+++ Supplied data

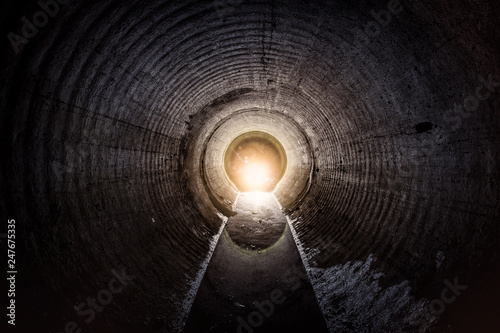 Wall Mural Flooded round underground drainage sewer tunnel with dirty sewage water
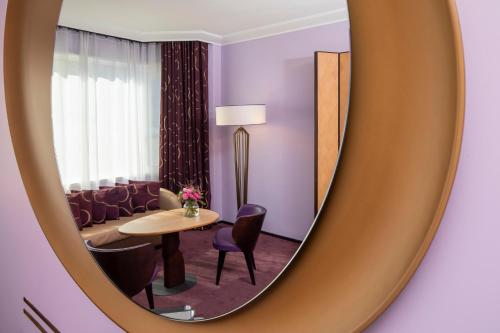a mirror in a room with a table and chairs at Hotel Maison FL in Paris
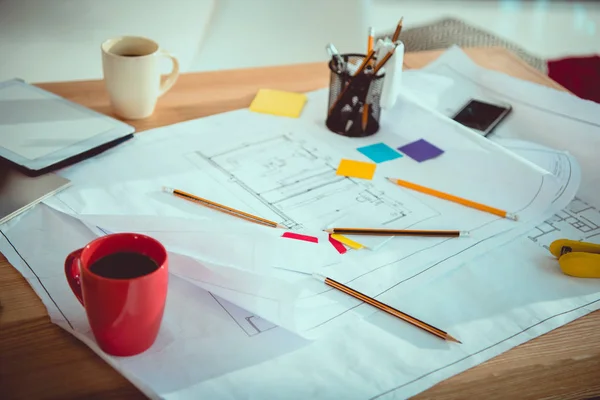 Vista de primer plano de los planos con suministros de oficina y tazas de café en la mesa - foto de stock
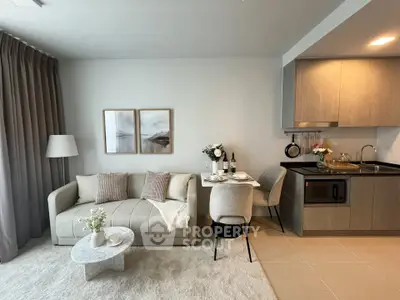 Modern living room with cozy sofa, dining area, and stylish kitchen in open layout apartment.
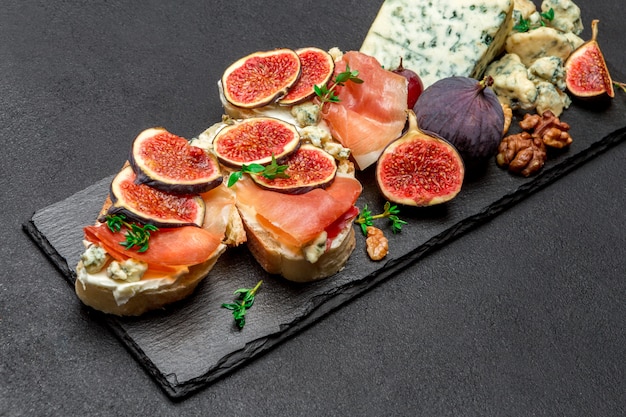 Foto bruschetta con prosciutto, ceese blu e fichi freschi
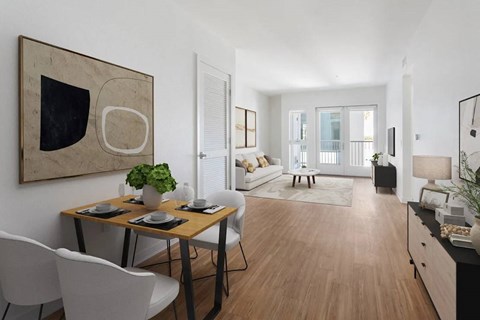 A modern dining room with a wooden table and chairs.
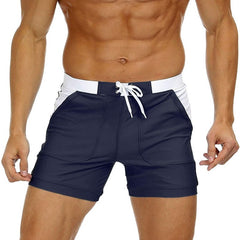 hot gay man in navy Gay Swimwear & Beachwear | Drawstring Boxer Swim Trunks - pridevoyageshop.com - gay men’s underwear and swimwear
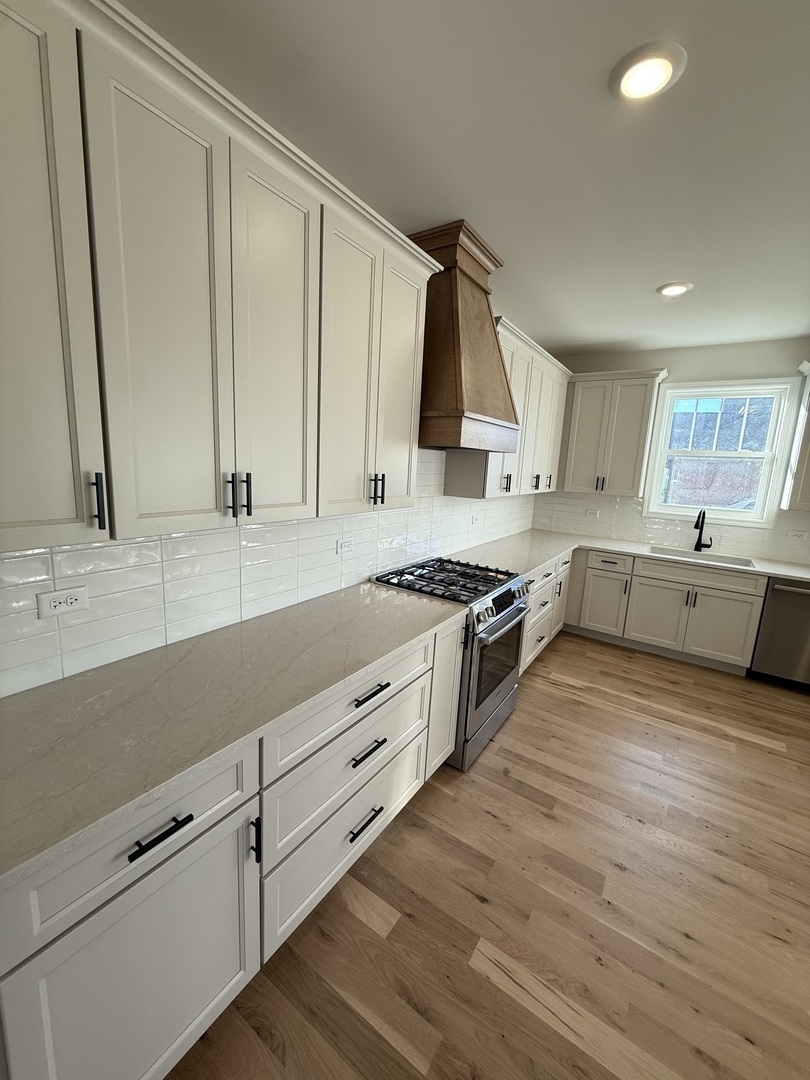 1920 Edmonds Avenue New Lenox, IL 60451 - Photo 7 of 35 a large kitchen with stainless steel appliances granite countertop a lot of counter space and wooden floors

++++++

● **What the task requires**
Word for word, copy the lines from the one with "A modern dining" through the end of the entries above, and do not include any picture.

● **Completed exercise**
 A modern dining room with a wooden table and chairs.
 hot gay man in navy Gay Swimwear & Beachwear | Drawstring Boxer Swim Trunks - pridevoyageshop.com - gay men’s underwear and swimwear
 1920 Edmonds Avenue New Lenox, IL 60451 - Photo 7 of 35 a large kitchen with stainless steel appliances granite countertop a lot of counter space and wooden floors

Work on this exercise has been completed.